L'appui d'acteurs étrangers à chacune des parties en conflit n'est plus un secret depuis longtemps : côté gouvernemental, Russie, Iran, Hezbollah et Unités de mobilisations populaires irakiennes ont permis à l'armée syrienne d'entamer sa récupération en cours de larges parties du territoire ; côté opposition, l'ascendant saoudien est manifeste depuis un bon moment, quand bien même il se voit – ou s'est vu – accompagné de soutiens provenant d'une palette d'acteurs allant des États-Unis au Qatar, en passant par la France et le Royaume-Uni.
Or, soutien implique dépendance, et quand bien même les adversaires dans le conflit syrien ont peiné à identifier des points d'ancrage dans le passé, ils se voient forcer la main aujourd'hui par leurs bailleurs de fonds et/ou soutiens respectifs.

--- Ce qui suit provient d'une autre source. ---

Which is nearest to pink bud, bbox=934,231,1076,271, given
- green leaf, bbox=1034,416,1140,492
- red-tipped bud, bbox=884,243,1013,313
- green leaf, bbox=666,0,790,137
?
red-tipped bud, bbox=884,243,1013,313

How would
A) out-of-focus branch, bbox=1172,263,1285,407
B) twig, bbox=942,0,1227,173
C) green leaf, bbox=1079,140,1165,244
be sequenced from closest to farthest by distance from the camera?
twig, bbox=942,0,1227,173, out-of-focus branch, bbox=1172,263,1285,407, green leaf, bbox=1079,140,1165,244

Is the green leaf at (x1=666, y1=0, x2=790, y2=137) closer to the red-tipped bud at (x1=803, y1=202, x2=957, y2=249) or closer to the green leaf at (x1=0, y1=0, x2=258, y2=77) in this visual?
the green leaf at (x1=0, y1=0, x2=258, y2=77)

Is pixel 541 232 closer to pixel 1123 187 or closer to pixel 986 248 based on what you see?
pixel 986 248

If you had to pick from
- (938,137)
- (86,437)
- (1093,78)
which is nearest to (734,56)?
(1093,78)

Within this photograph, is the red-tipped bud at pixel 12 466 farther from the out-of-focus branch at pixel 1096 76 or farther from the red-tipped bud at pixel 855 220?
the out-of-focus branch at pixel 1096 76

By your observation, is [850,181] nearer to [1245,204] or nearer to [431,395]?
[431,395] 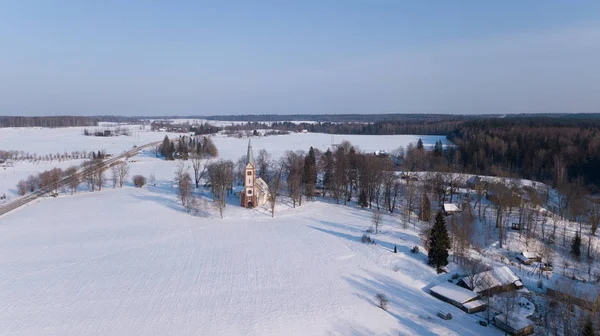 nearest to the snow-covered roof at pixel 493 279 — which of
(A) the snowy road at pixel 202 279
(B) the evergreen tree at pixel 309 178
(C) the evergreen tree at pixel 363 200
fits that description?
(A) the snowy road at pixel 202 279

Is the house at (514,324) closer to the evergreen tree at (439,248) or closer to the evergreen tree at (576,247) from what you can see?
the evergreen tree at (439,248)

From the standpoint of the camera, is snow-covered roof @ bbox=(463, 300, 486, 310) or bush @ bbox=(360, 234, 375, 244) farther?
bush @ bbox=(360, 234, 375, 244)

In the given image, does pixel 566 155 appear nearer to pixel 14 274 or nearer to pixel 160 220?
pixel 160 220

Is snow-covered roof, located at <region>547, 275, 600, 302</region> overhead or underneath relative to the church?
underneath

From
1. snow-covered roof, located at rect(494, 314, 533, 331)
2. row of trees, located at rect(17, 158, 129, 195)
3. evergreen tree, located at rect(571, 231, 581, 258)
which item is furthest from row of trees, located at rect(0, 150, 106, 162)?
evergreen tree, located at rect(571, 231, 581, 258)

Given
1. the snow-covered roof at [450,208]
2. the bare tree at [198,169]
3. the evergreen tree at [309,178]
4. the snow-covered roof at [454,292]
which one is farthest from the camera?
the bare tree at [198,169]

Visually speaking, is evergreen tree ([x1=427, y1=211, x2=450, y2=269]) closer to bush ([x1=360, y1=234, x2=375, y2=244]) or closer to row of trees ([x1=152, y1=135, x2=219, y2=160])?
bush ([x1=360, y1=234, x2=375, y2=244])

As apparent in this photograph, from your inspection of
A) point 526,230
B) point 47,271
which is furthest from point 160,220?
point 526,230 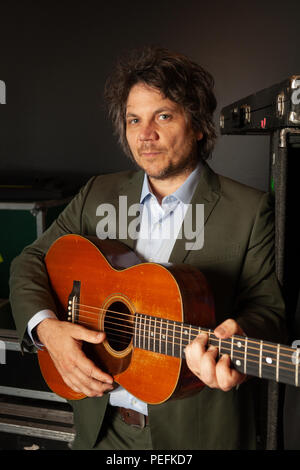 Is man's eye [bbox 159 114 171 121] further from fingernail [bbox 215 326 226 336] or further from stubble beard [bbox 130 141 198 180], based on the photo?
fingernail [bbox 215 326 226 336]

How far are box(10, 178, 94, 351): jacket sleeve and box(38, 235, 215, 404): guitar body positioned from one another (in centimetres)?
4

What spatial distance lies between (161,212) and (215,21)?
1.60 m

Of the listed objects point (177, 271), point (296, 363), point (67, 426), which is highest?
point (177, 271)

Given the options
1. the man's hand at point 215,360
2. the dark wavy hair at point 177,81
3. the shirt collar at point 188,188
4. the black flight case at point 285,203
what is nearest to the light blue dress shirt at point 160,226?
the shirt collar at point 188,188

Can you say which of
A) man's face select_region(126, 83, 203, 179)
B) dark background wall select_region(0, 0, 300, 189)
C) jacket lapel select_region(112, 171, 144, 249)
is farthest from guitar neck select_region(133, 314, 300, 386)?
dark background wall select_region(0, 0, 300, 189)

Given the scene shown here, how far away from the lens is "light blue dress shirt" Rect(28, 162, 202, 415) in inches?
59.1

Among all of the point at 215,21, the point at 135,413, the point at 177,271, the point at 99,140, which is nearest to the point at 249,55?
the point at 215,21

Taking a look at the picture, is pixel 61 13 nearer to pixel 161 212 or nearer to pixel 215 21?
pixel 215 21

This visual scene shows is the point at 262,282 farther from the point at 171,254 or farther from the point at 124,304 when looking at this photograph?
the point at 124,304

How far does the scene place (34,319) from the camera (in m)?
1.51

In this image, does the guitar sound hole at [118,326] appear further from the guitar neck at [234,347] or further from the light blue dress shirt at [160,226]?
the light blue dress shirt at [160,226]

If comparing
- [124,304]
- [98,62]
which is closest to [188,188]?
[124,304]

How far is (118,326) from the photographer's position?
134 centimetres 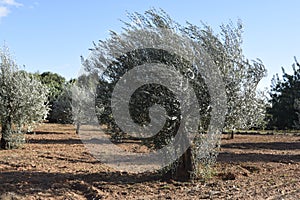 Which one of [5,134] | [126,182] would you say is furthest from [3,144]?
[126,182]

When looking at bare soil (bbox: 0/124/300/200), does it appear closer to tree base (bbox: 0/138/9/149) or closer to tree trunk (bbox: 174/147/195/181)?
tree trunk (bbox: 174/147/195/181)

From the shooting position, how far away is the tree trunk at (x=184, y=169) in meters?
9.01

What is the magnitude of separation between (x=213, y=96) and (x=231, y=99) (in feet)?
1.76

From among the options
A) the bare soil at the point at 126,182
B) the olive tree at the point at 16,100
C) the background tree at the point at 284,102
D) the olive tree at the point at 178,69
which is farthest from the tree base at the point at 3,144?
the background tree at the point at 284,102

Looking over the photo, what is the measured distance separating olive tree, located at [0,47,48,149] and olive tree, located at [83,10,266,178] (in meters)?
6.68

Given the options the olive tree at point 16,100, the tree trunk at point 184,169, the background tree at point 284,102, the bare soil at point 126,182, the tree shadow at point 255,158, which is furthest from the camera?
the background tree at point 284,102

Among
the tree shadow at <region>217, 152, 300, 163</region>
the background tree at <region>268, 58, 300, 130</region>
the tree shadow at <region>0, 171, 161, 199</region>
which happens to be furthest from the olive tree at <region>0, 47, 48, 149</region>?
the background tree at <region>268, 58, 300, 130</region>

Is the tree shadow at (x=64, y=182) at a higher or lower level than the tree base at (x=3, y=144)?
lower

Si cela ne tenait qu'à lui, le pouvoir syrien s'épargnerait bien la participation à des négociations qui ne l'intéressent point, et il dédierait exclusivement son attention aux opérations militaires visant à la reconquête de l'ensemble du territoire ; or, l'accolade Poutine-Assad intervenue dans la ville russe de Sotchi, en novembre 2017, et dont les caméras ont témoigné, assoie notamment l'idée selon laquelle la route de Damas passe par le Kremlin. En face, outre le fait que l'intense fragmentation de l'opposition ne l'aide en rien à s'imposer, on ne peut que constater combien le positionnement du « comité des négociations », structure récemment formée à Riyad et soi-disant inclusive, reste, en partie, conditionné par les frustrations accumulées par bon nombre de ses membres au fil des années. Beaucoup d'entre eux ont – et continuent d'ailleurs à entretenir – le rêve de voir un ou des acteurs extérieurs déloger le régime syrien et les placer à la tête du pays. Un espoir pourtant d'autant plus avorté que la succession de changements intervenus au fil des années à la tête de « l'opposition » syrienne n'a aidé les opposants ni à donner une bonne image d'eux-mêmes, ni à prouver leur capacité à régir un pays aussi sensible que la Syrie.
(Pour mémoire : Les pourparlers de Genève sur la Syrie prolongés jusqu'à mi-décembre)
Sept ans de désastre
Maintes chancelleries ont eu le tort de croire que Bachar el-Assad connaîtrait le sort de ses pairs tunisien, égyptien ou même libyen de l'époque ; ironiquement, depuis 2011, Qatar, Arabie saoudite, France, Royaume-Uni ou encore États-Unis ont tous connu un changement de leadership cependant qu'Assad est resté en place. Il demeure donc l'homme fort de la situation. Et quand bien même l'envoyé spécial de l'ONU pour la Syrie, Staffan de Mistura, dit croire en la possible et prochaine initiation de pourparlers directs entre régime et opposition syrienne, croire pour autant que le contexte actuel pourrait pousser le régime syrien à s'autosaborder, ou ses soutiens à le sacrifier au nom de la volonté du peuple syrien, revient à prolonger le mirage, et donc les souffrances du peuple syrien. Le régime syrien continuera à vouloir négocier selon ses propres conditions, surtout aujourd'hui qu'il peut se targuer d'un avantage de taille sur le terrain.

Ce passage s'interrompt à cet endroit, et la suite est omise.